## Data for this exercise
______________________________

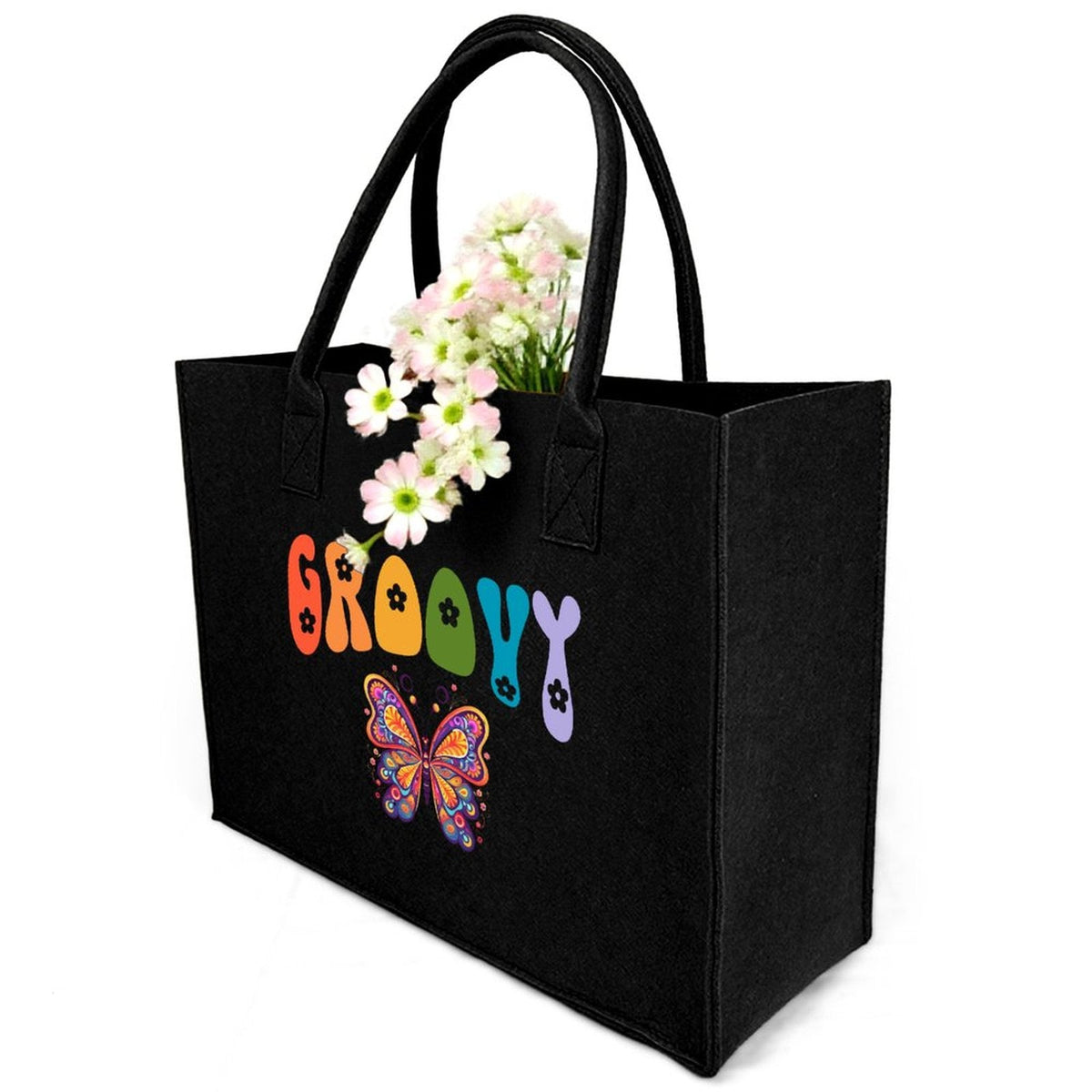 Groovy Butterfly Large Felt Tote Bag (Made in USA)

______________________________

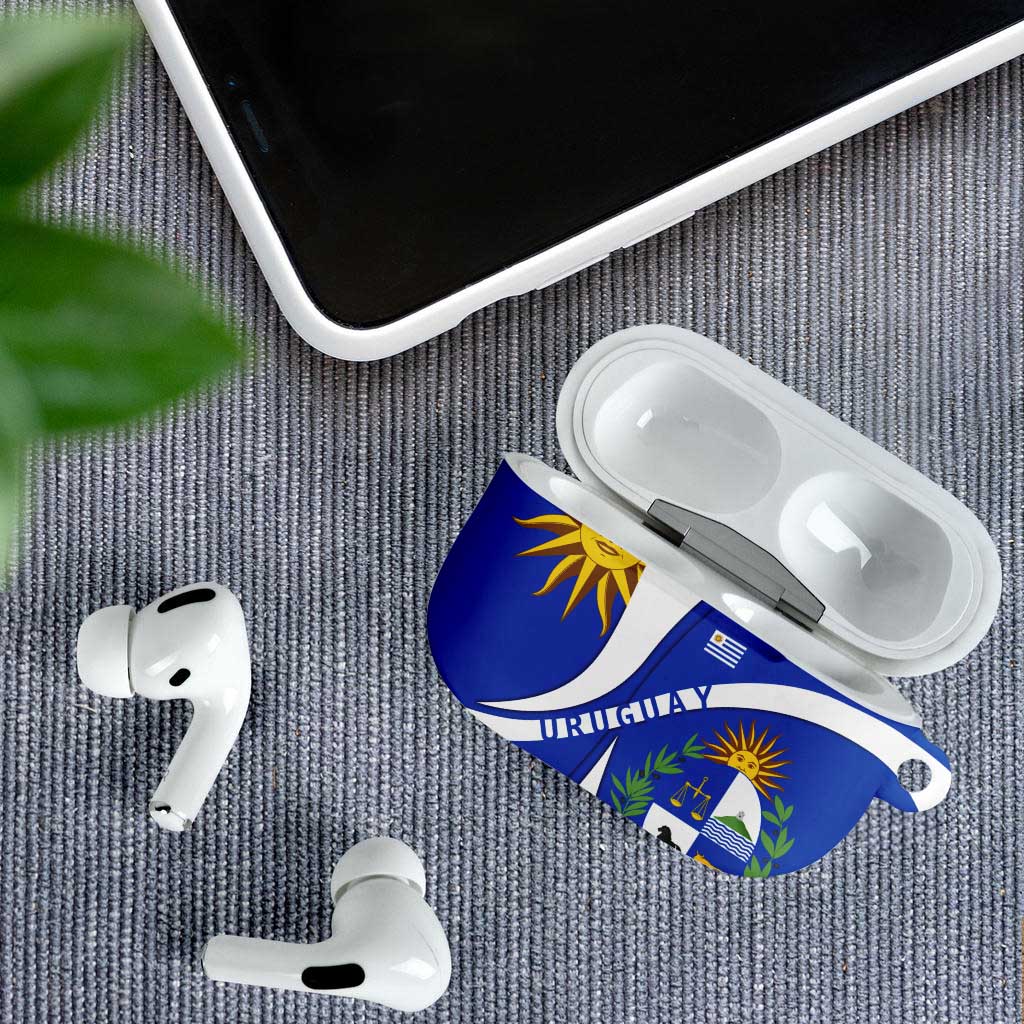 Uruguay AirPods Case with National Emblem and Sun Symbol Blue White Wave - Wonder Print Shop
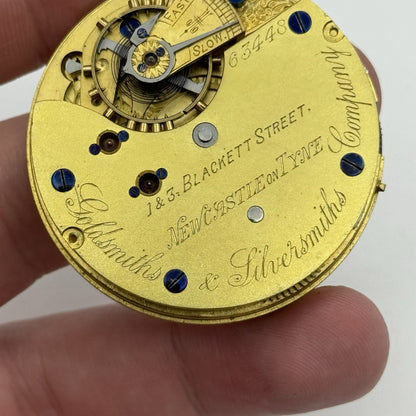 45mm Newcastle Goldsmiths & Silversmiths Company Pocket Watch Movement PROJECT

______________________________

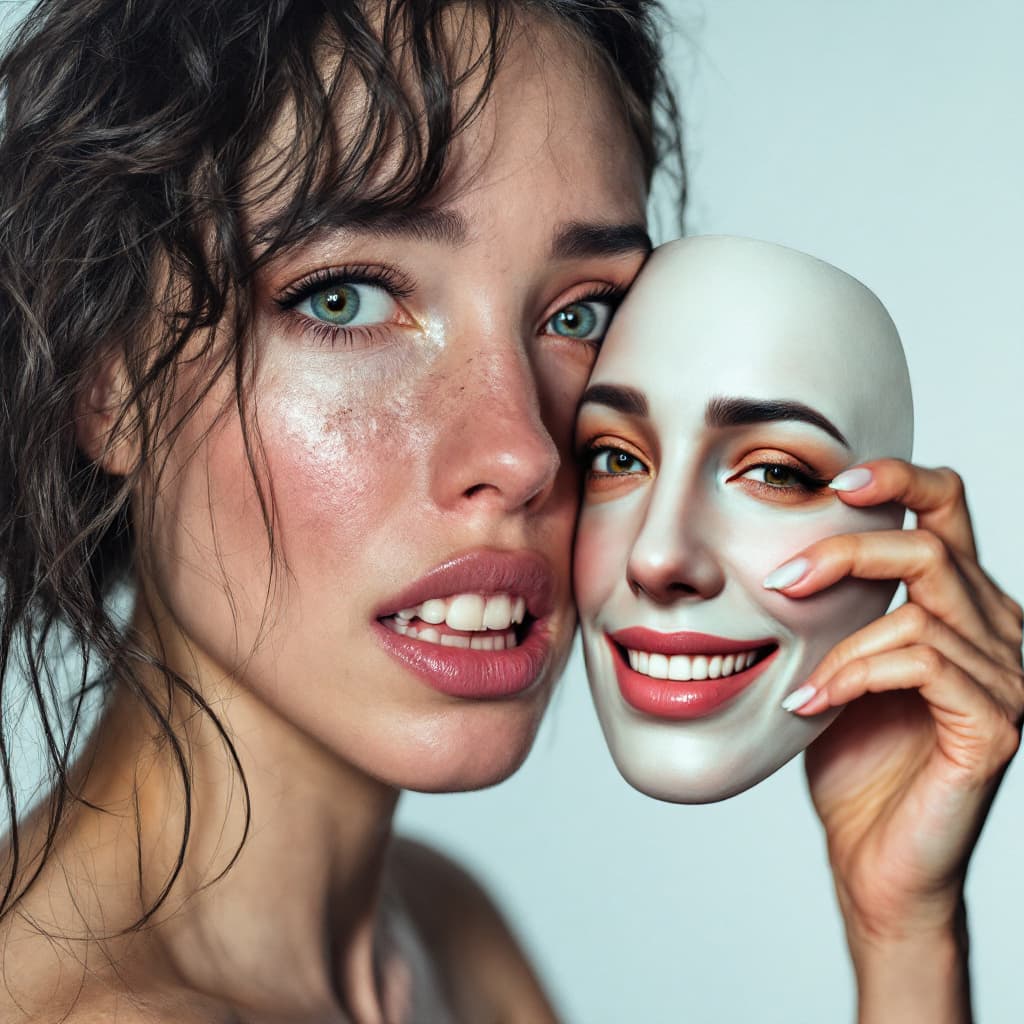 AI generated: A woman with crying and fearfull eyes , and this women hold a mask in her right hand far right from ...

______________________________

## Task to complete
Of all the material above, only the lines from the one that has "Uruguay AirPods Case" down to the one that has "45mm Newcastle Goldsmiths" are to be written out, exactly and with both ends included. Pictures are skipped.

## Answer below
 Uruguay AirPods Case with National Emblem and Sun Symbol Blue White Wave - Wonder Print Shop
 45mm Newcastle Goldsmiths & Silversmiths Company Pocket Watch Movement PROJECT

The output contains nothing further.